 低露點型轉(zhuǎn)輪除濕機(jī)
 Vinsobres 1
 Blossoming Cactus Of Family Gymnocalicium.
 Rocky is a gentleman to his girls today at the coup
·····
- _INSTRUCTIONS FOR THE TASK_: Copy all data exactly, start to finish.

- _WRITTEN SOLUTION_:
 低露點型轉(zhuǎn)輪除濕機(jī)
 Vinsobres 1
 Blossoming Cactus Of Family Gymnocalicium.
 Rocky is a gentleman to his girls today at the coup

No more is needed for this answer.